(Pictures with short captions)
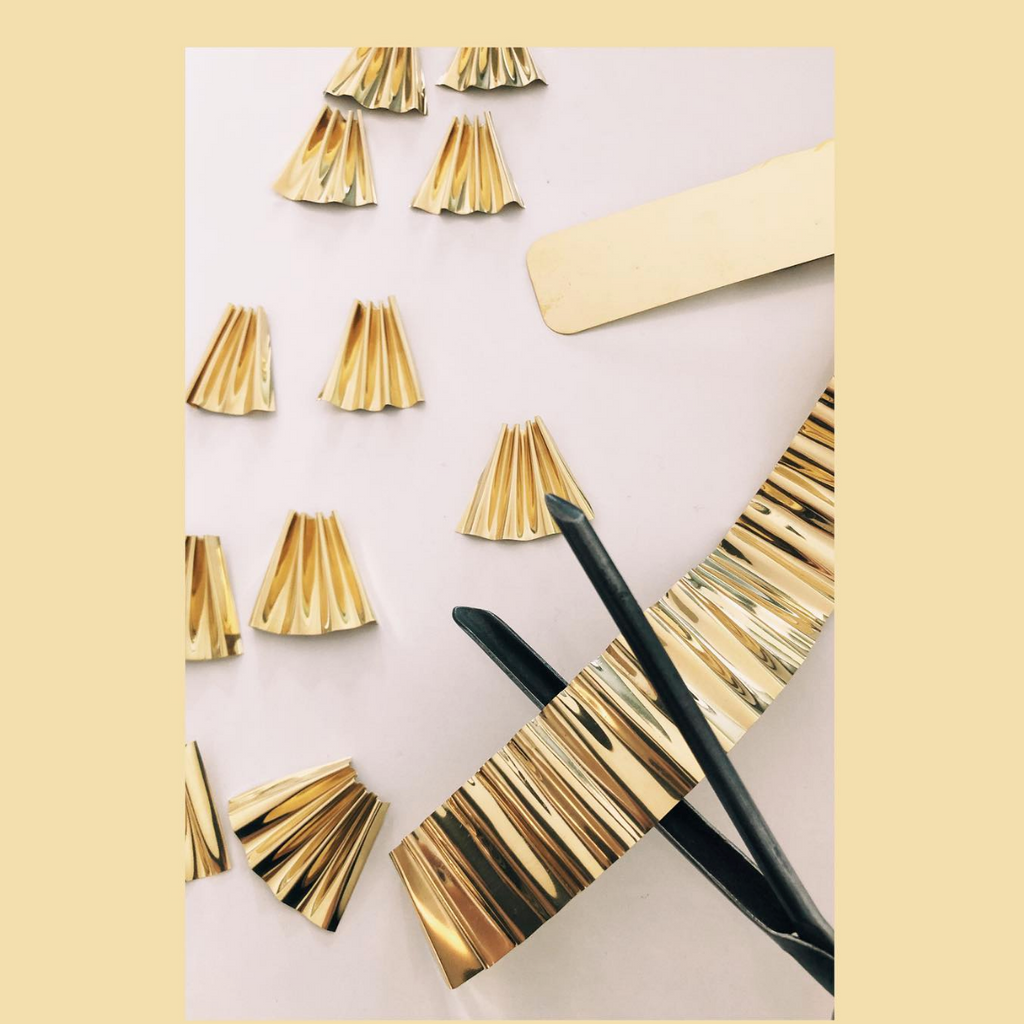 Plissé Earrings 24K Gold Plated Designer Statement Studs Bold Unique Gift Boxed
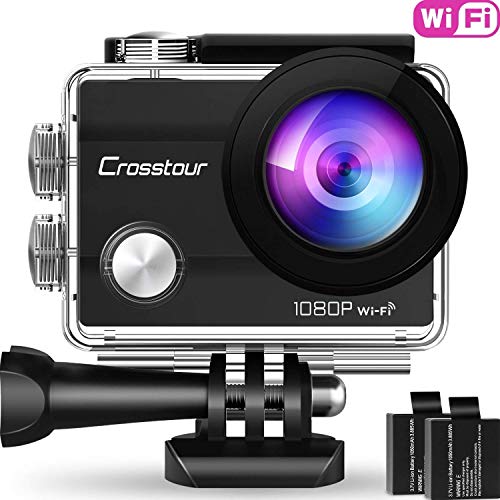 Crosstour Caméra Sport 1080P Full HD Wi-FI Étanche 30M 12MP 170 °Grand-Angle 2 Pouces LCD avec 2 Batteries Rechargeables 1050mAh et 18 Accessoires CT7000
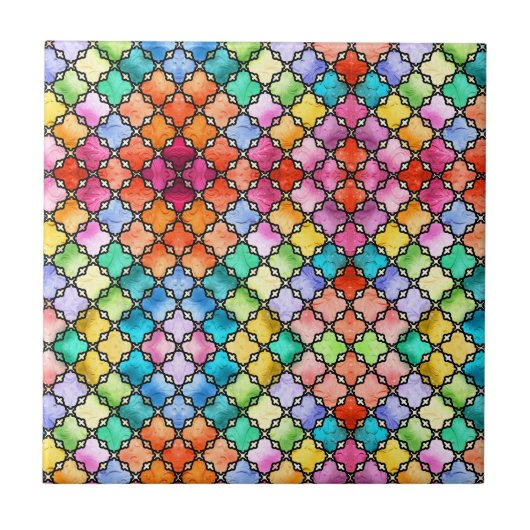 Regenboog mozaïekpatroon tegeltje (Voorkant)
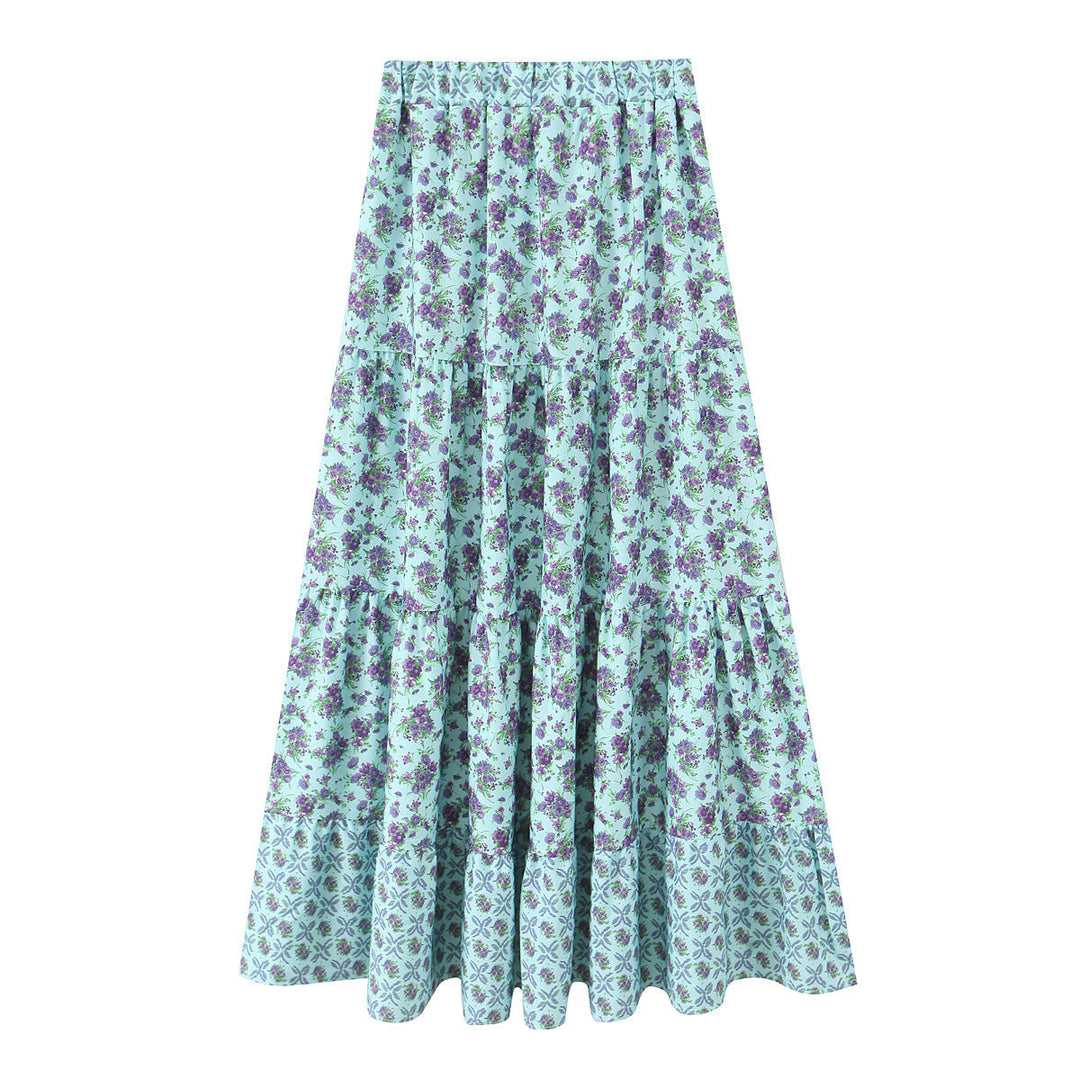 Women's Long Tiered Skirt with Floral Allover Print, Elastic Waistband and Ruffled Panels Mune Fashion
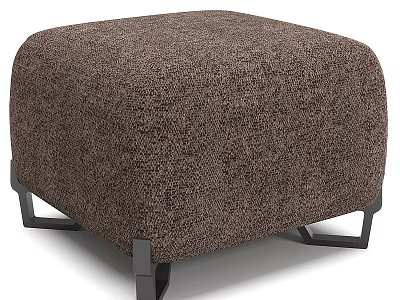 Contemporary Brown Textured Upholstered Stool With Black Metal Geometric Support Legs 3d model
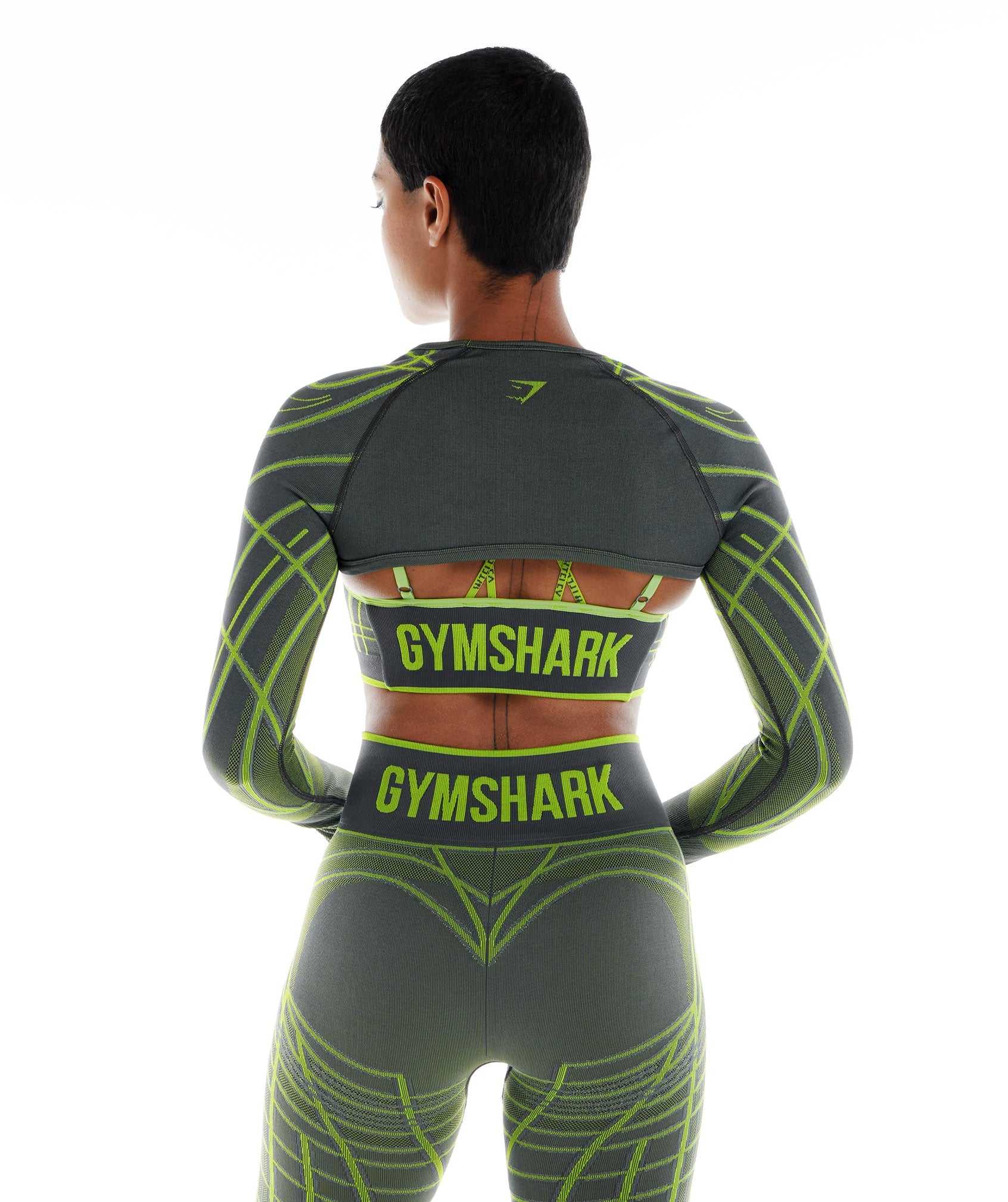 Gymshark Wtflex Linear Seamless Long Sleeve Shrug Pullover Grijs Groen Lichtgrijs | DBYI81746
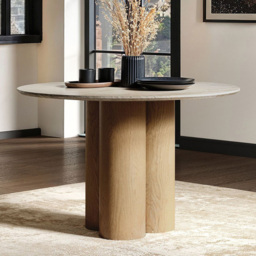 SOLACE+CO Deko Oak 4 Seater Sintered Stone Effect Dining Table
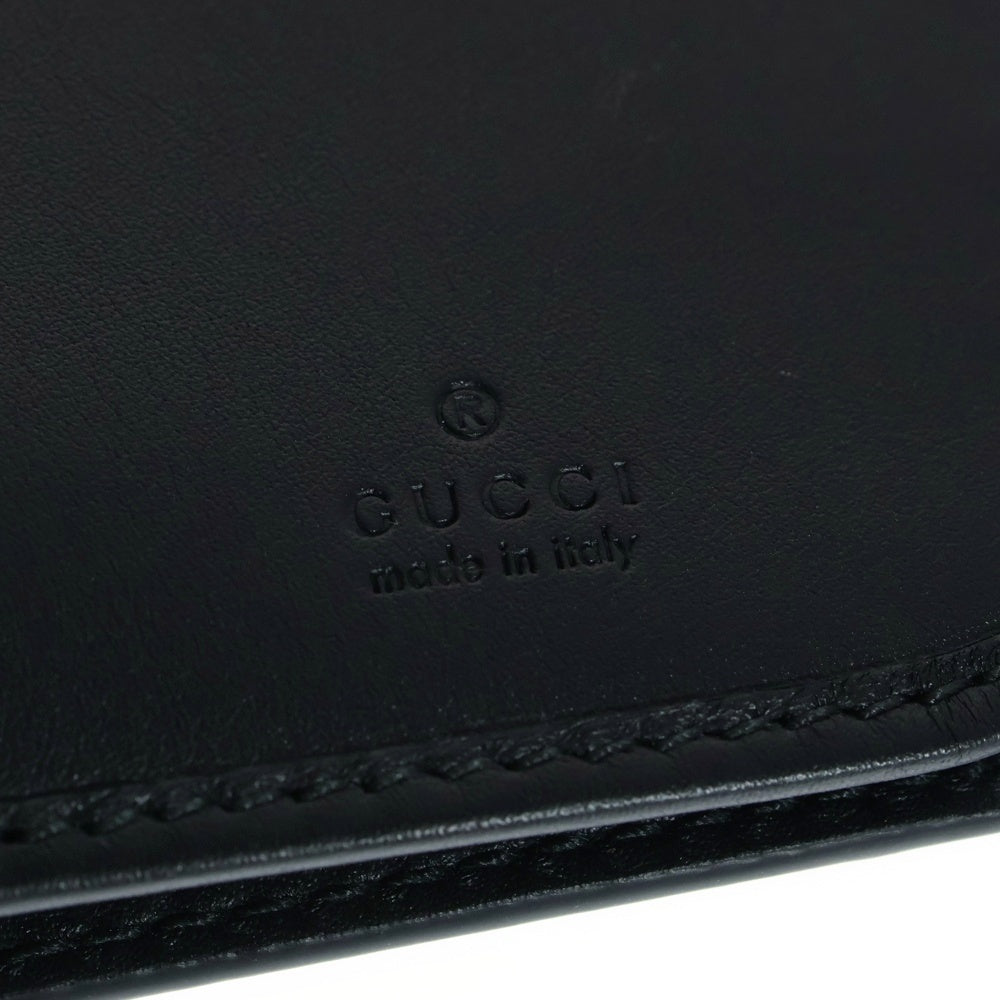 GUCCI(グッチ) GGエンブレム ロングウォレット 長財布 カードケース ブラック PVC レザー 821213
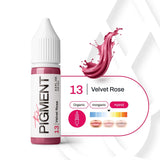 The Pigment 13 Velvet Rose pigment in a 15ml jar, showcasing deep rose-colored powder with a smooth, velvety texture.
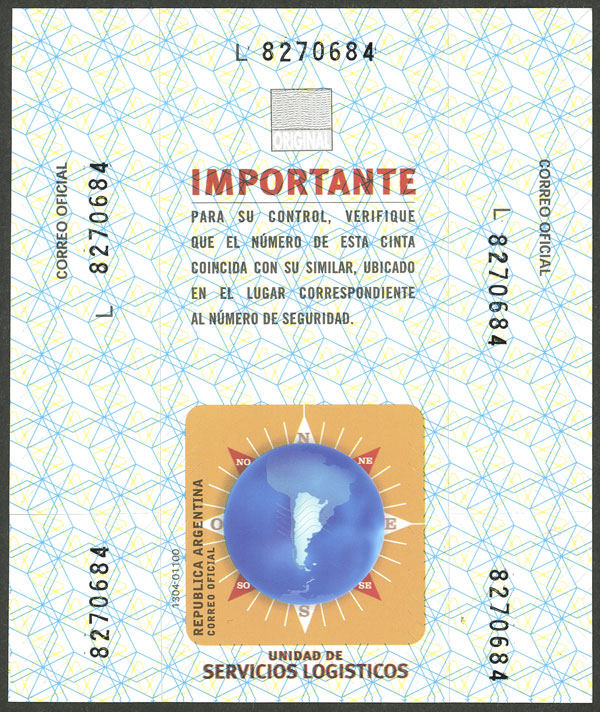 Lot 1226 - Argentina parcel post seals -  Guillermo Jalil - Philatino Auction # 2401 ARGENTINA: 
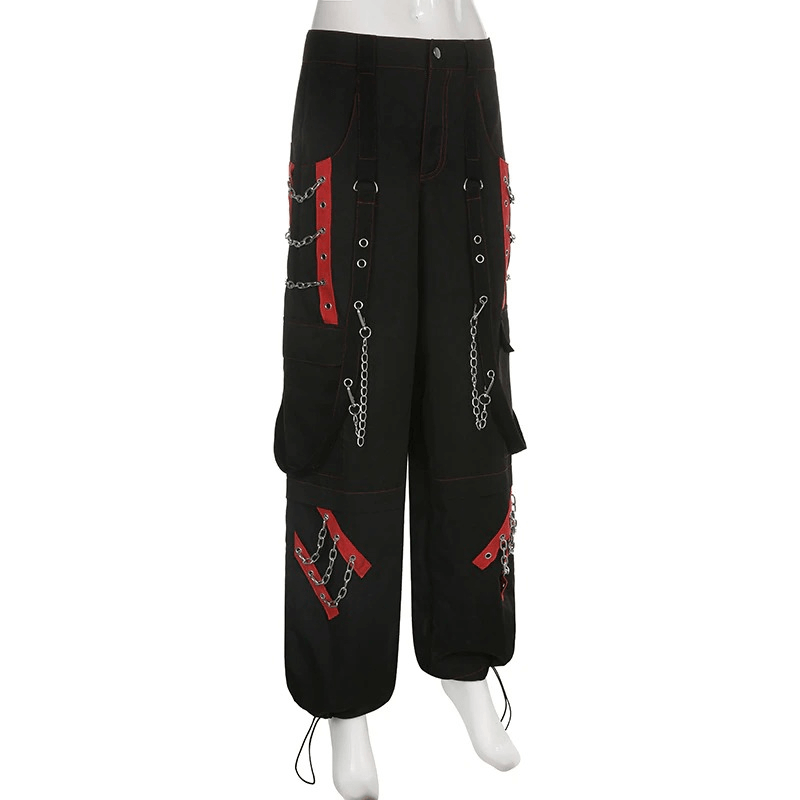 Stylish women's black wide-leg cargo pants with punk chain and red accents, perfect for casual and edgy outfits.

◆ Problem
The data above, line by line: transcribe it exactly and drop the pictures.

◆ Answer to this task
 Plissé Earrings 24K Gold Plated Designer Statement Studs Bold Unique Gift Boxed
 Crosstour Caméra Sport 1080P Full HD Wi-FI Étanche 30M 12MP 170 °Grand-Angle 2 Pouces LCD avec 2 Batteries Rechargeables 1050mAh et 18 Accessoires CT7000
 Regenboog mozaïekpatroon tegeltje (Voorkant)
 Women's Long Tiered Skirt with Floral Allover Print, Elastic Waistband and Ruffled Panels Mune Fashion
 Contemporary Brown Textured Upholstered Stool With Black Metal Geometric Support Legs 3d model
 Gymshark Wtflex Linear Seamless Long Sleeve Shrug Pullover Grijs Groen Lichtgrijs | DBYI81746
 SOLACE+CO Deko Oak 4 Seater Sintered Stone Effect Dining Table
 GUCCI(グッチ) GGエンブレム ロングウォレット 長財布 カードケース ブラック PVC レザー 821213
 The Pigment 13 Velvet Rose pigment in a 15ml jar, showcasing deep rose-colored powder with a smooth, velvety texture.
 Lot 1226 - Argentina parcel post seals -  Guillermo Jalil - Philatino Auction # 2401 ARGENTINA: 
 Stylish women's black wide-leg cargo pants with punk chain and red accents, perfect for casual and edgy outfits.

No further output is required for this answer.